What the December 2022 SSDI Payment Amount Reflected

The amount deposited in December 2022 reflected each individual's calculated benefit based on their lifetime earnings record — specifically, their Average Indexed Monthly Earnings (AIME) and the resulting Primary Insurance Amount (PIA).

There is no single flat payment that all SSDI recipients receive. Benefit amounts vary widely depending on how long someone worked and how much they earned in Social Security-covered employment.

For context, the SSA reported that the average SSDI benefit in 2022 was approximately $1,358 per month, though individual payments ranged considerably above and below that figure.

The 2023 COLA Was Already on the Horizon 📅

December 2022 was the final month before a significant change took effect. The SSA announced an 8.7% Cost-of-Living Adjustment (COLA) for 2023 — the largest COLA in roughly four decades, driven by elevated inflation during 2022. This adjustment applied starting with January 2023 payments.

That means December 2022 payments were calculated under the 2022 benefit amounts, and the increase did not appear until the payments issued in January 2023. Recipients who were confused about why their December check didn't reflect the announced increase were simply seeing the timing of how COLAs work — they apply at the start of the new calendar year.

Work Credits and Why December 2022 Eligibility Wasn't Automatic

To have been receiving SSDI at all in December 2022, a recipient must have previously met SSA's eligibility requirements — primarily:

  • Work credits accumulated through Social Security-covered employment
  • A medically determinable impairment expected to last at least 12 months or result in death
  • Earnings below the Substantial Gainful Activity (SGA) threshold (in 2022, that was $1,350/month for non-blind individuals, $2,260 for those meeting the statutory definition of blindness)

People who were still in the application or appeals process in December 2022 were not yet receiving monthly payments.

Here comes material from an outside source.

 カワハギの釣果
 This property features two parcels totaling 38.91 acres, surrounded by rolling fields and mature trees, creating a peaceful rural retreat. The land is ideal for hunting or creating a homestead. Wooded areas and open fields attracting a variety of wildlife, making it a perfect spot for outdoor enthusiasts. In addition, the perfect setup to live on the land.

If ultimately approved, they would have been eligible for back pay going back to their established onset date, subject to the five-month waiting period that applies to SSDI (but not SSI).

Why Two People with the Same Disability Can Receive Different Amounts

This is one of the most common points of confusion. SSDI is not a needs-based program — it's an earned benefit tied to your work record. Two people with identical medical conditions can receive very different monthly payments based on:

  • Years in the workforce prior to disability
  • Earnings levels during those working years
  • Age at onset of disability
  • Gaps in employment that reduced total credits or earnings history

Someone who worked 30 years at a higher income will typically receive a substantially larger monthly benefit than someone who worked 10 years at lower wages, even if their disabling condition is the same. 💡

What Affected Payment Timing in December 2022 Specifically

A few factors could have altered when or whether a December 2022 payment arrived as expected:

  • Direct deposit vs. mailed check: Direct deposit is faster and more reliable; paper checks can experience postal delays, especially around the holidays
  • Changes in banking information: If a recipient had recently changed banks and not updated the SSA, payments could have been delayed
  • Benefit review or overpayment notice: Active SSA reviews, overpayment recovery, or pending decisions can affect payment amounts or timing
  • Representative payees: Recipients with a designated representative payee — someone authorized to receive and manage benefits on their behalf — may have experienced different deposit arrangements

The Part Only Your Own Record Can Answer

The December 2022 payment schedule, the COLA mechanics, and the general rules above apply consistently across the SSDI program. What they can't tell you is what a specific recipient was owed, whether a particular payment was correct, or how an individual's work history translated into their specific benefit amount. Those answers live in each person's Social Security earnings record, the SSA's benefit calculation formulas applied to that record, and any pending actions on the account at the time.